**Exercise brief:** Would you return the data below exactly as it stands, with every picture left out?

**Material shown:**
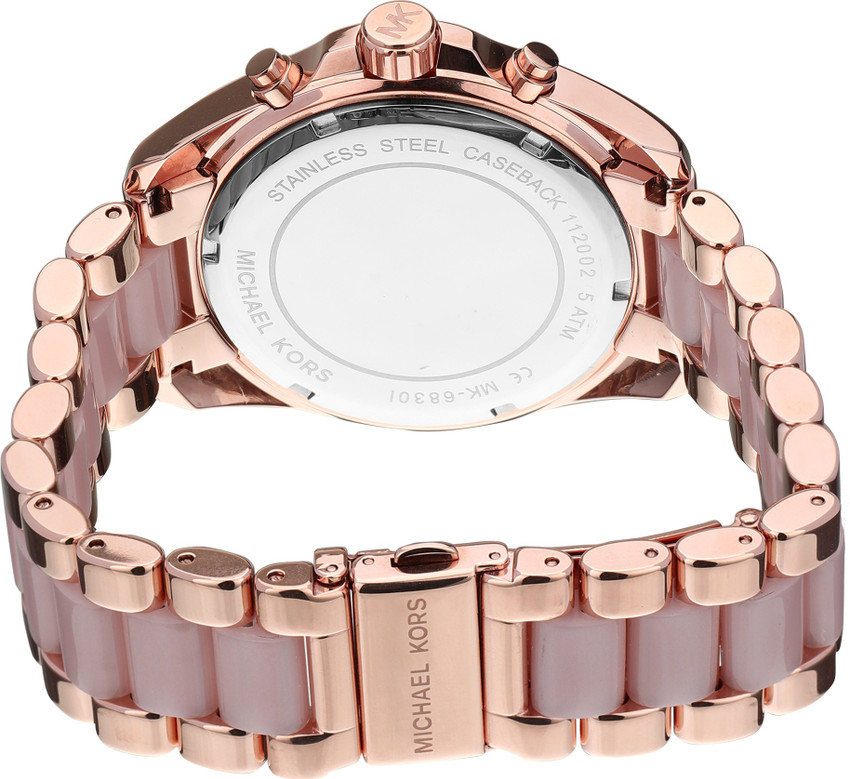 Michael kors electronic hotsell watch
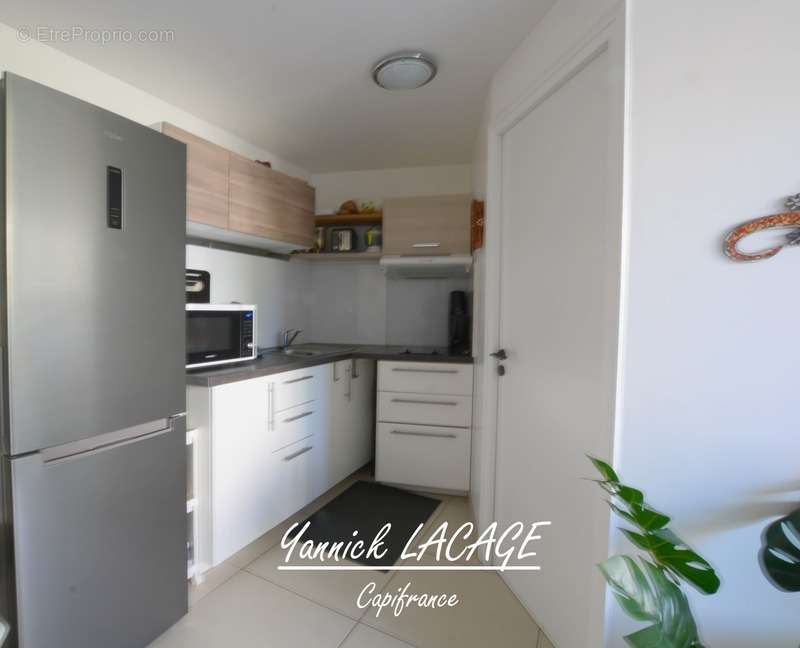 Appartement à MARSEILLE-8E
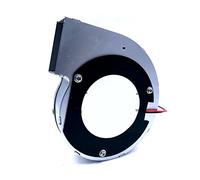 Ventola del dissipatore di calore purificatore raffreddamento ad alta temperatura Ventilatore d'aria commerciale Compatto ed efficiente dal punto vista energetico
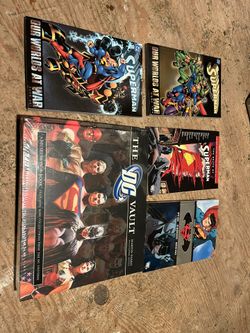 Superman Comics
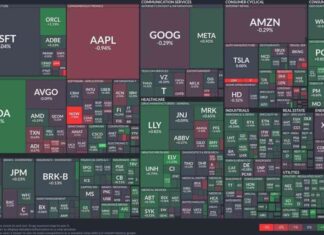 Tech Sector Update: Nvidia Thrives, Apple Falters in Today’s Market news-25092024-165152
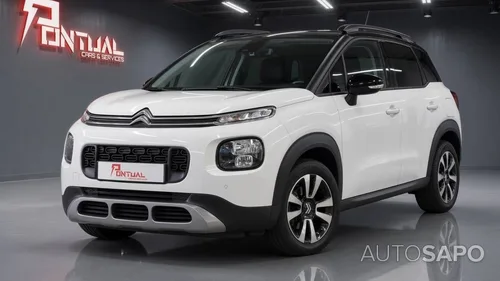 Citroen C3 AirCross 1.2 PureTech Shine Pack de 2019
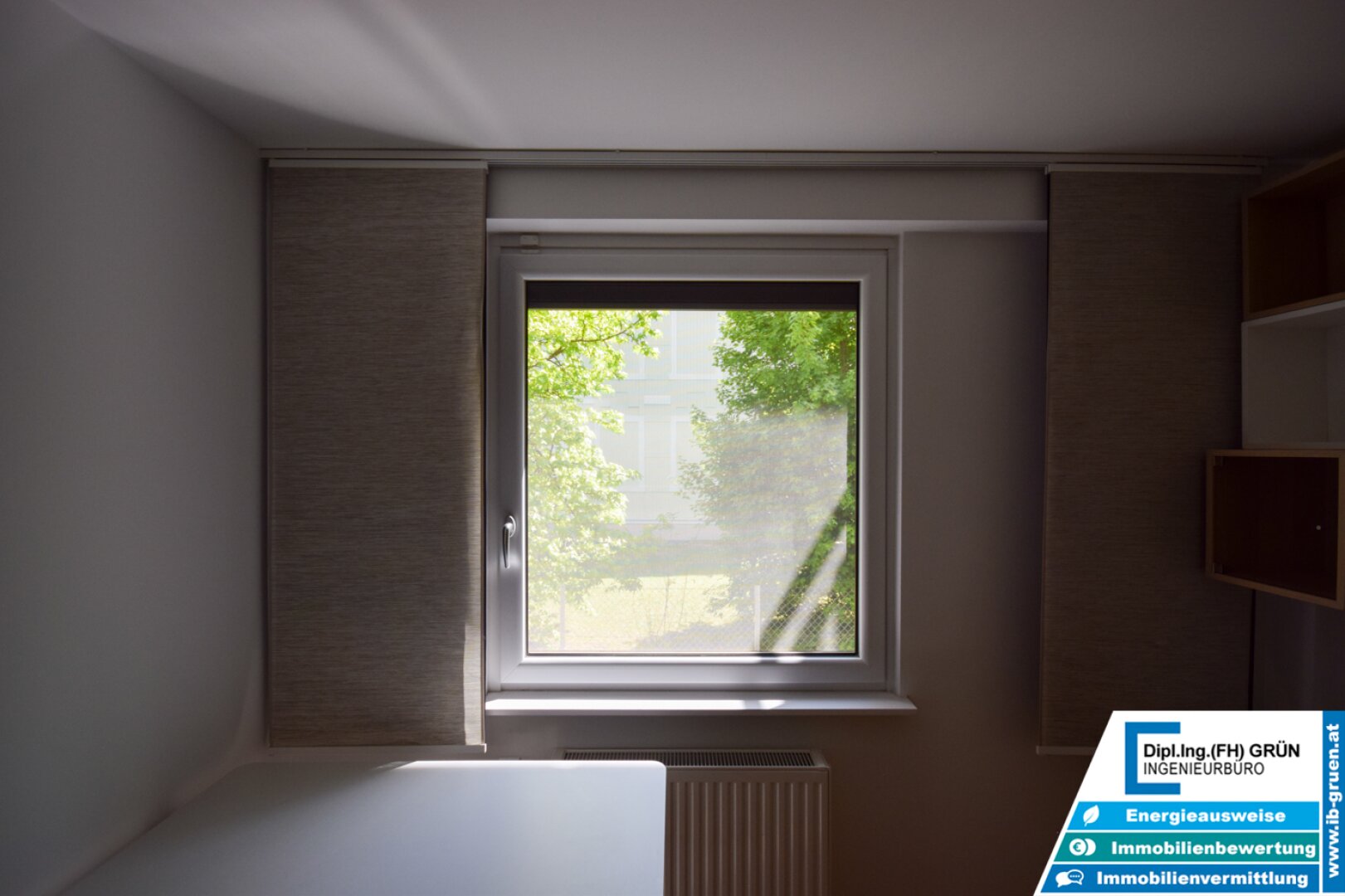 TOP-Lage! Hochwertig kernsanierte 3-Zimmer-Wohnung mit Smart Home, Garage & Balkon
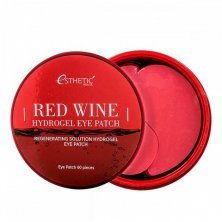 ESTHETIC HOUSE Red Wine Hydrogel Eye Patch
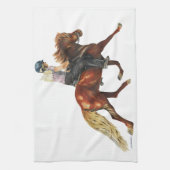 Synchronisatie Theedoek (Verticaal)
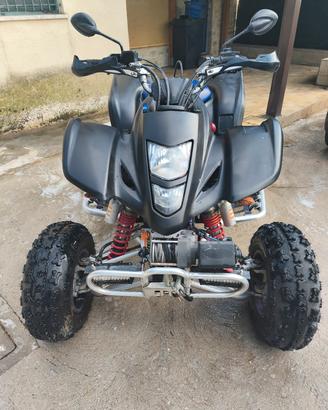 suzuki ltz 400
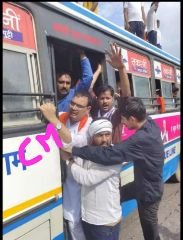 जयपुर13दिसम्बर23*🅰️समय का भरोसा नहीं है साहब, पता नहीं कब किस्मत पलटी मार जाए। जयपुर13दिसम्बर23*🅰️समय का भरोसा नहीं है साहब, पता नहीं कब किस्मत पलटी मार जाए।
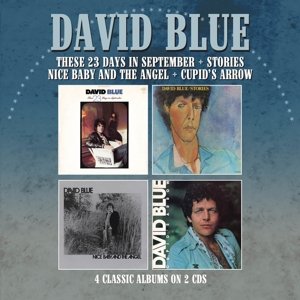 These 23 Days In September/Stories/Nice Baby and the Angel/Cupid's Arrow Blue David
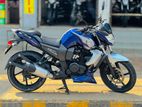 Yamaha FZS v-1 Racing Blue 2013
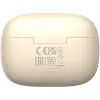 Canyon CNS-TWS10BG Ausinės ir ausinių rinkinys Tikras belaidis stereofoninis (TWS) Įstatomos ausinės pokalbiams/muzikai/sportui/kasdieniam naudojimui USB Type-C Bluetooth Smėlio spalvos (CNS-TWS10BG)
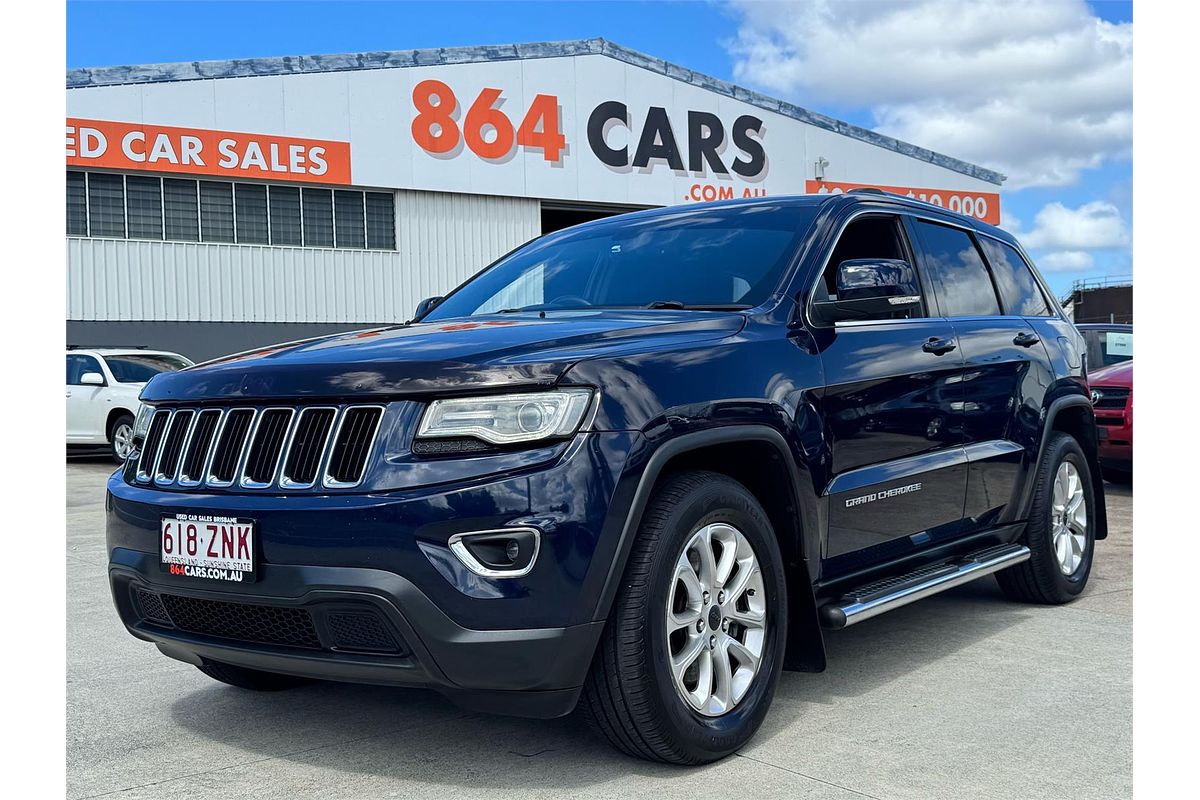 2013 Jeep GRAND CHEROKEE LAREDO (4x4) WK MY14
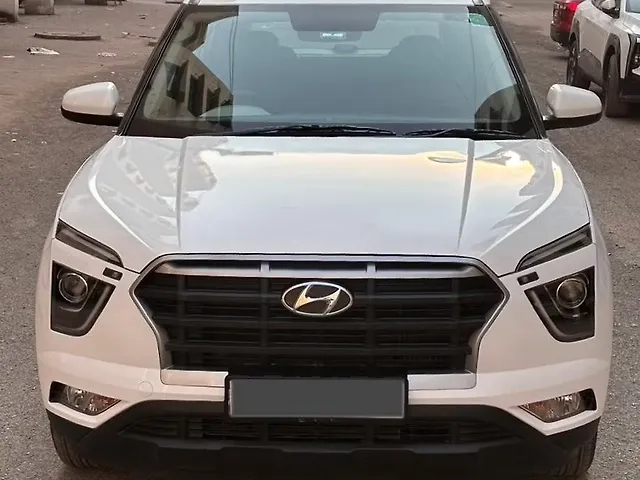 Used Hyundai Creta [2020-2023] E 1.5 Diesel in Raipur
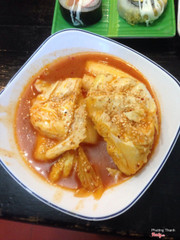 Tokbokki thường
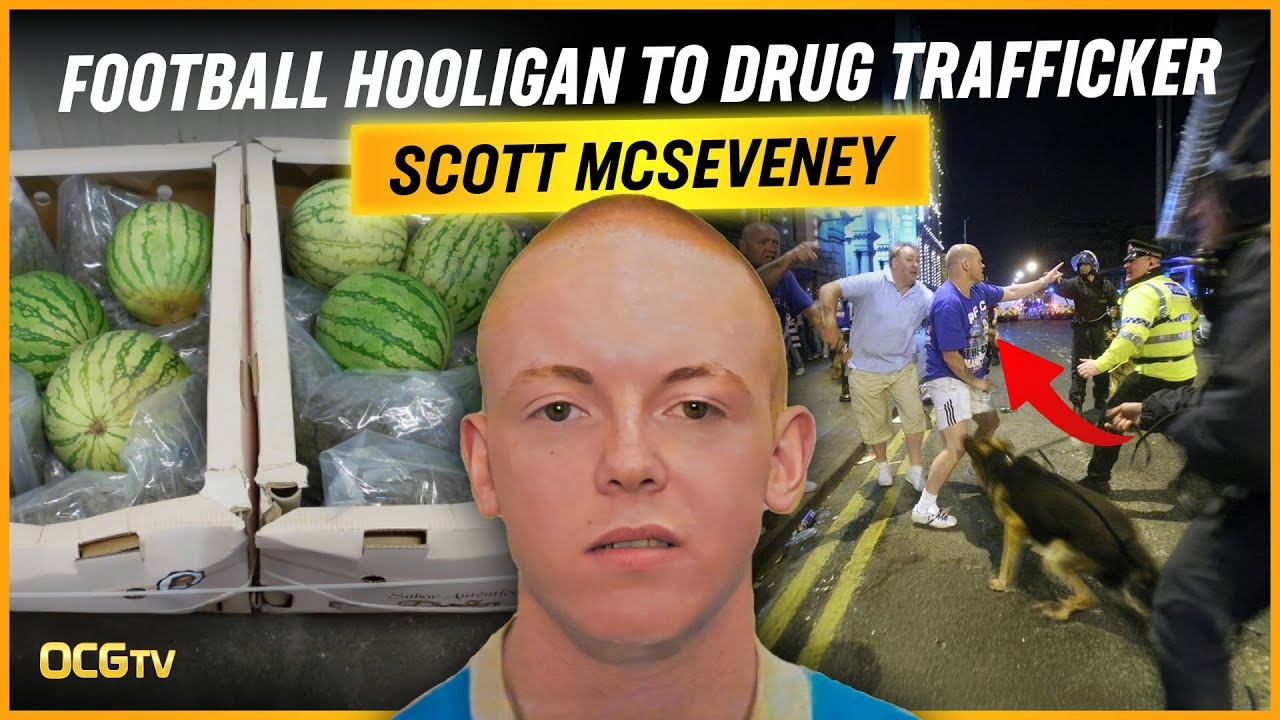 How a Scottish Football Hooligan Became an International Drug Trafficker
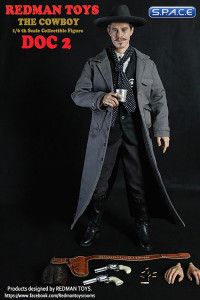 1/6 Scale Doc Holliday - Version 2 (The Cowboy Series)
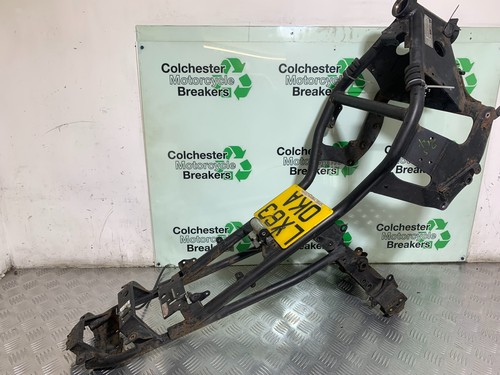 Yamaha xj6 frame reg - xj6,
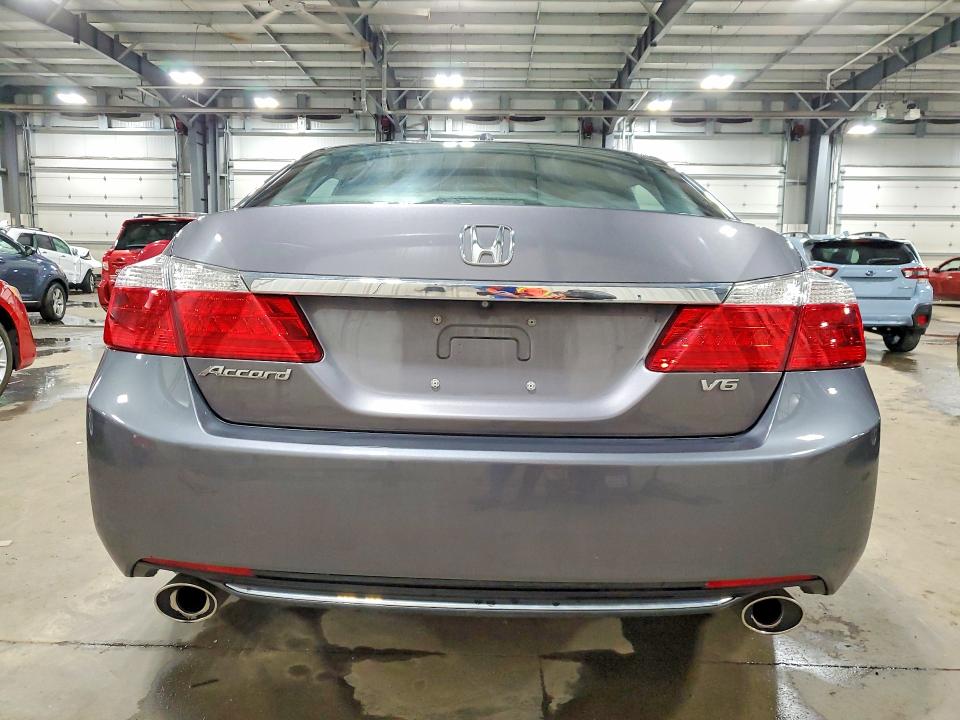 Aukcja sprzedaży 2014 Honda Accord, vin: 1HGCR3F8XEA009731, numer aukcji: 57576046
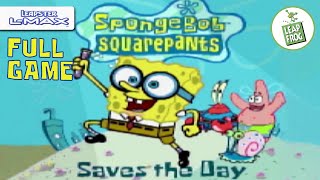 SpongeBob SquarePants™: Saves the Day (Leapster LMAX)  Full Game Playthrough  No Commentary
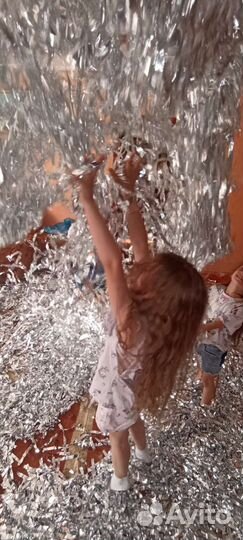 Бумажное шоу бумага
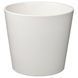 IKEA Кришка для вазона, біла SOJAB&Ouml;NA, 405.335.86 40533586 фото 2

**Output of the task:**
 Michael kors electronic hotsell watch
 Appartement à MARSEILLE-8E
 Ventola del dissipatore di calore purificatore raffreddamento ad alta temperatura Ventilatore d'aria commerciale Compatto ed efficiente dal punto vista energetico
 Superman Comics
 Tech Sector Update: Nvidia Thrives, Apple Falters in Today’s Market news-25092024-165152
 Citroen C3 AirCross 1.2 PureTech Shine Pack de 2019
 TOP-Lage! Hochwertig kernsanierte 3-Zimmer-Wohnung mit Smart Home, Garage & Balkon
 ESTHETIC HOUSE Red Wine Hydrogel Eye Patch
 Synchronisatie Theedoek (Verticaal)
 suzuki ltz 400
 जयपुर13दिसम्बर23*🅰️समय का भरोसा नहीं है साहब, पता नहीं कब किस्मत पलटी मार जाए। जयपुर13दिसम्बर23*🅰️समय का भरोसा नहीं है साहब, पता नहीं कब किस्मत पलटी मार जाए।
 These 23 Days In September/Stories/Nice Baby and the Angel/Cupid's Arrow Blue David
 Yamaha FZS v-1 Racing Blue 2013
 Canyon CNS-TWS10BG Ausinės ir ausinių rinkinys Tikras belaidis stereofoninis (TWS) Įstatomos ausinės pokalbiams/muzikai/sportui/kasdieniam naudojimui USB Type-C Bluetooth Smėlio spalvos (CNS-TWS10BG)
 2013 Jeep GRAND CHEROKEE LAREDO (4x4) WK MY14
 Used Hyundai Creta [2020-2023] E 1.5 Diesel in Raipur
 Tokbokki thường
 How a Scottish Football Hooligan Became an International Drug Trafficker
 1/6 Scale Doc Holliday - Version 2 (The Cowboy Series)
 Yamaha xj6 frame reg - xj6,
 Aukcja sprzedaży 2014 Honda Accord, vin: 1HGCR3F8XEA009731, numer aukcji: 57576046
 SpongeBob SquarePants™: Saves the Day (Leapster LMAX)  Full Game Playthrough  No Commentary
 Бумажное шоу бумага
 IKEA Кришка для вазона, біла SOJAB&Ouml;NA, 405.335.86 40533586 фото 2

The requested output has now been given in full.